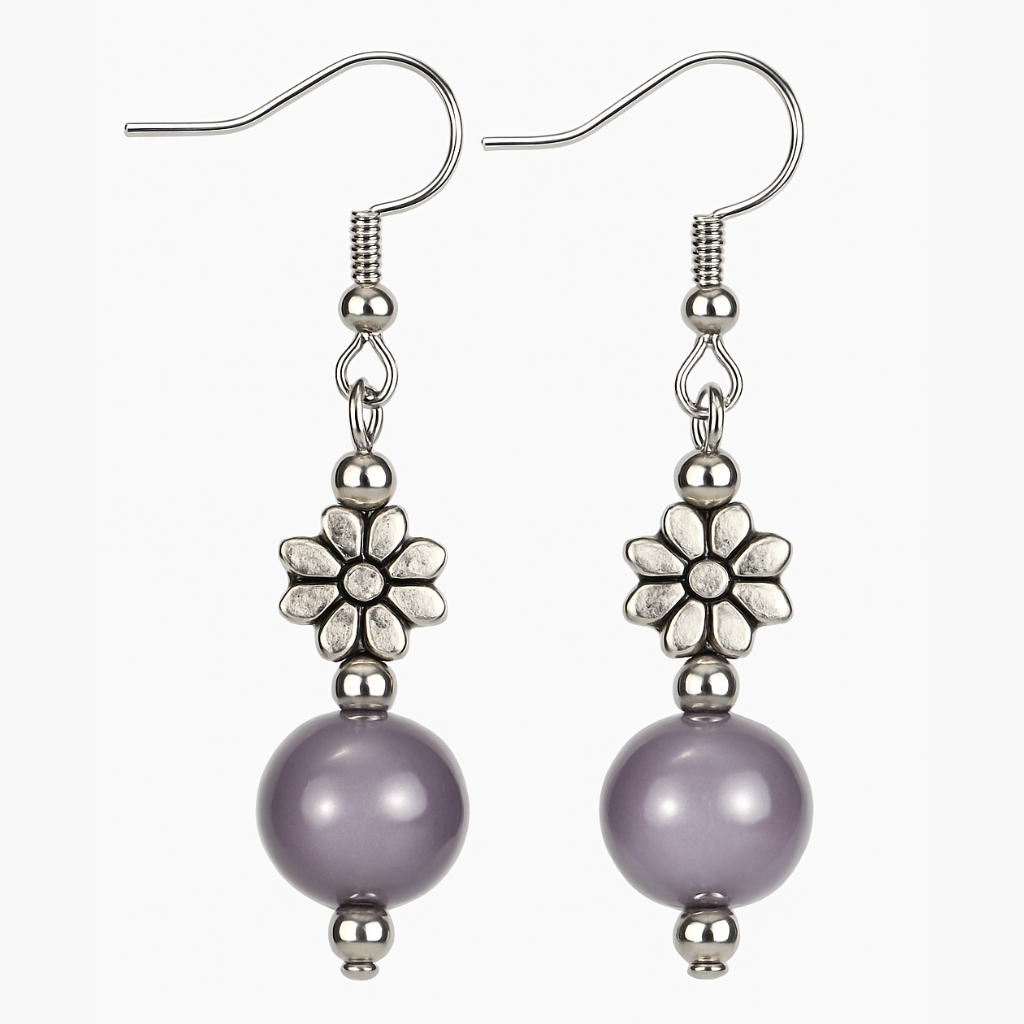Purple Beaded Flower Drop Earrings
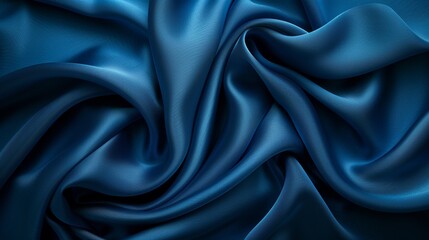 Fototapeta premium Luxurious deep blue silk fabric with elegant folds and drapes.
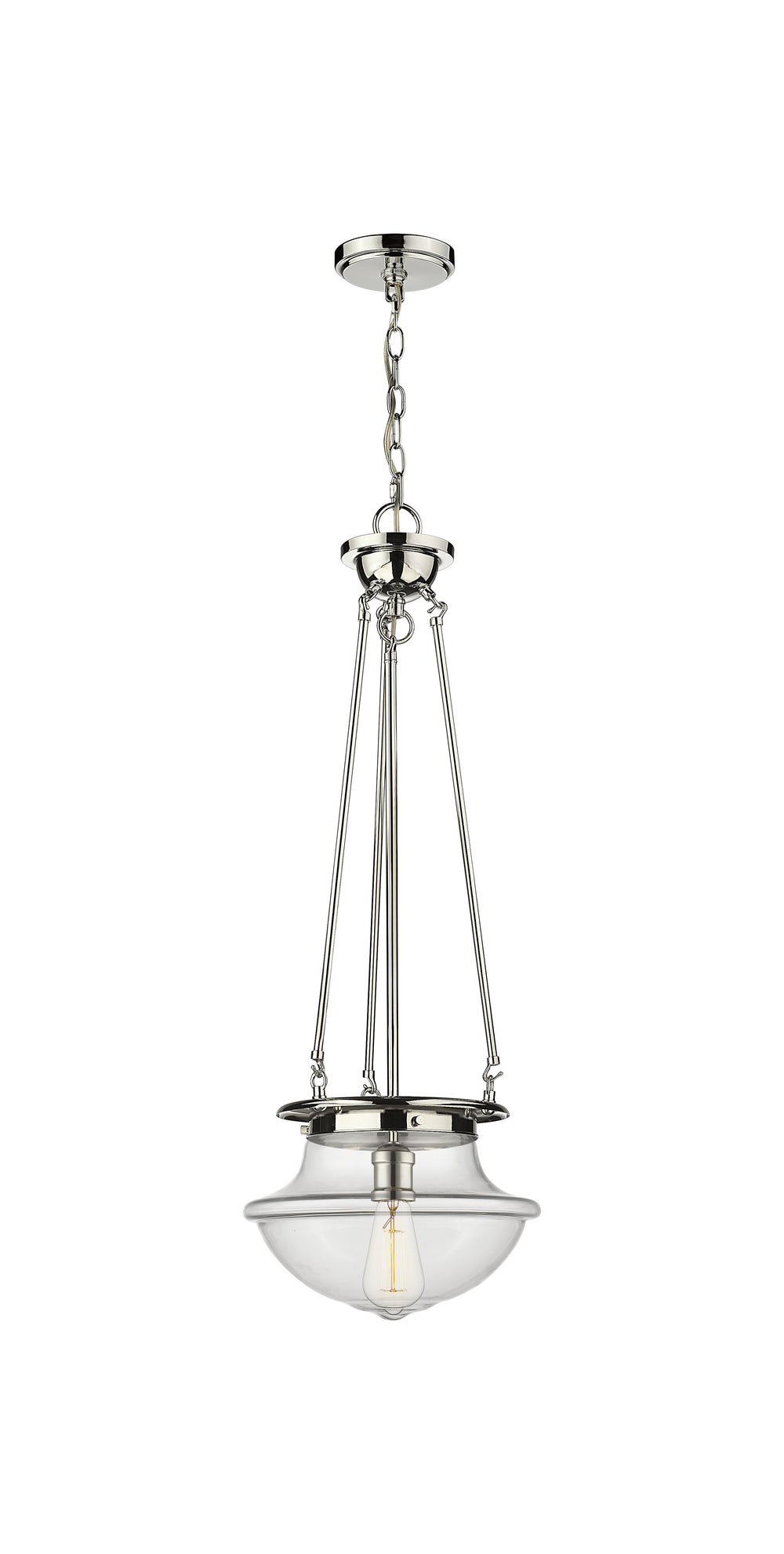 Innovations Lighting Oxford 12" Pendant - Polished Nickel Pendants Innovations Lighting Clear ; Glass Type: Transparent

______

WHAT THE TASK REQUIRES> Please reproduce verbatim the lines from the line with "Fototapeta premium Luxurious" through the final line of the listing, inclusive of both ends. Omit all pictures.

WRITTEN ANSWER>
 Fototapeta premium Luxurious deep blue silk fabric with elegant folds and drapes.
 Innovations Lighting Oxford 12" Pendant - Polished Nickel Pendants Innovations Lighting Clear ; Glass Type: Transparent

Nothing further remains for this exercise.